What is your best catch of the season? Show me your pictures =)

To be honest my favorite best catch was this skate that ate my whole live roundhead and it weight at least 3 lbs. This was at seagull pier of course.


----------



## rwh (Dec 10, 2012)

I caught these tautog in April. I havent caught anything picture worthy since!


----------



## DANtheJDMan (Aug 29, 2012)

I fished BBWR on the free fishing day in June.


----------



## Benji (Nov 19, 2014)

How do you post pictures from a mobile phone without f-book?


----------



## rwh (Dec 10, 2012)

Benji, you have to use the "Full Site" view , at the bottom of the page, instead of the mobile view, then you can post pics.


----------



## pepedesilva (Jun 7, 2014)

My friend came down from Michigan and crushed these three fish in about an hour.

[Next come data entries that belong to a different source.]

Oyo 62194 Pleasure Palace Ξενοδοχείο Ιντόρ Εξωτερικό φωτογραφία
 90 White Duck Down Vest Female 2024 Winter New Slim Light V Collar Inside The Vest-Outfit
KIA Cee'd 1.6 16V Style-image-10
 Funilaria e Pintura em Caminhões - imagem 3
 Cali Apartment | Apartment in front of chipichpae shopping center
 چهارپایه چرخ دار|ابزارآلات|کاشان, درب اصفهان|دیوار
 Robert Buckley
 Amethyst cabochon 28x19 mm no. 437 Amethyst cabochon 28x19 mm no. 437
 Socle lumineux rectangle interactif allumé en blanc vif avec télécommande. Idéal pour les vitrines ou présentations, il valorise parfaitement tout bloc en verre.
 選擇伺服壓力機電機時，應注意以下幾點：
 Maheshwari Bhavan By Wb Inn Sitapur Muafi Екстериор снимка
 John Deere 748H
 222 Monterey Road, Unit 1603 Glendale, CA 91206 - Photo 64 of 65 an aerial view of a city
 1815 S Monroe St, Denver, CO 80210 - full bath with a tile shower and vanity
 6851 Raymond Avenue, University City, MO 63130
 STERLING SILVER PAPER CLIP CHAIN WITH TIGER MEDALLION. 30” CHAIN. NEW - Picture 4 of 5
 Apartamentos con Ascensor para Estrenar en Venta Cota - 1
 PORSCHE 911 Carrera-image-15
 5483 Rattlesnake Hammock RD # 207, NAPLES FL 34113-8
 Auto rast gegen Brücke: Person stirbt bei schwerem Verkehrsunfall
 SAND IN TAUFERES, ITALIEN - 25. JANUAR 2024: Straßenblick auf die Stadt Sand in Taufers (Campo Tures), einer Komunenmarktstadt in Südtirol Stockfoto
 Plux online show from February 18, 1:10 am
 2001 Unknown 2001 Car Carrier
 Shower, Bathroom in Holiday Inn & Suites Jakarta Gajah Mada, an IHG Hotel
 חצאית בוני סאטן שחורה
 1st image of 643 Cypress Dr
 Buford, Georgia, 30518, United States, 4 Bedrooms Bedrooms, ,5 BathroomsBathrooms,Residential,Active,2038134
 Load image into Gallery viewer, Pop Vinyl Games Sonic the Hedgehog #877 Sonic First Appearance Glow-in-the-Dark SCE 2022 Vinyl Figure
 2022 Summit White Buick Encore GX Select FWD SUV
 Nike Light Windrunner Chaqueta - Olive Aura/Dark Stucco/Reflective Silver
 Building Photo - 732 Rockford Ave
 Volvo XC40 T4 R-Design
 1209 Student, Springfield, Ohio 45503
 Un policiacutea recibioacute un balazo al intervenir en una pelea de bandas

As for my season, I guess this big oyster toad was pretty fun.


----------



## Benji (Nov 19, 2014)




----------



## Benji (Nov 19, 2014)

Thanks rwh


----------



## IPNURWATER (Aug 20, 2013)

Small king


----------



## IPNURWATER (Aug 20, 2013)

lots of Spanish from nc while visiting my brother in nc. installed a secondary GPS,radio,distress unit and 10 inch LCD screen onto this kataram with twin 150s ,but we had to test evrything.so we took for a test run while catching these Spanish and king..free boat for the day lol...


----------



## IPNURWATER (Aug 20, 2013)

sexy kataram I worked on . most of my good catches show to much of my special land fishing spots. Gotta do some croping before I post more pics.. Here's some houndfish but this one was about 4ft (what the locals called it from organ inlet bridge .got bored that day only thing around.


----------



## slpezy (Jul 12, 2015)

Puppy Drum caught at va beach ocean front pier


----------



## Flounder Pounder (May 24, 2001)

I've been out of the salt water fishing since moving to Fredericksburg area. Been bass and snakehead fishing, caught these SH in Gambo Creek off the Potomac. Biggest SH was 12.3 lbs/32". The biggest fish in the picture of 4 was 10 lbs/30". Hands down, they are the best fish I have ate.


----------



## QBALL (Jun 26, 2014)

These are definitely my best catches this year and in my life for that matter. 42" cobias down @ cbbt , 31" flathead catfish and 2 30" channel cats @ sesquehanna river.


----------



## johnnyleo11 (Dec 17, 2003)

Nice pictures, everyone!


----------



## GlockViking (Aug 29, 2010)

Right at 17"


----------



## Elgreco (Aug 12, 2014)

Sadly this is my best so far. 18 incher.


----------



## marv1234 (Nov 10, 2014)

Well this blacktip shark plus another 4ft blacktip shark I caught would be the best of the season. Hopefully I can catch a mako one day and it would be dangerous but awesome.


----------



## NOB_legend (Jan 26, 2013)

that's about it for me.


----------



## n6dlh (Sep 9, 2015)

Here is my thus far.
The 2 drum were caught in Corova in the surf.


----------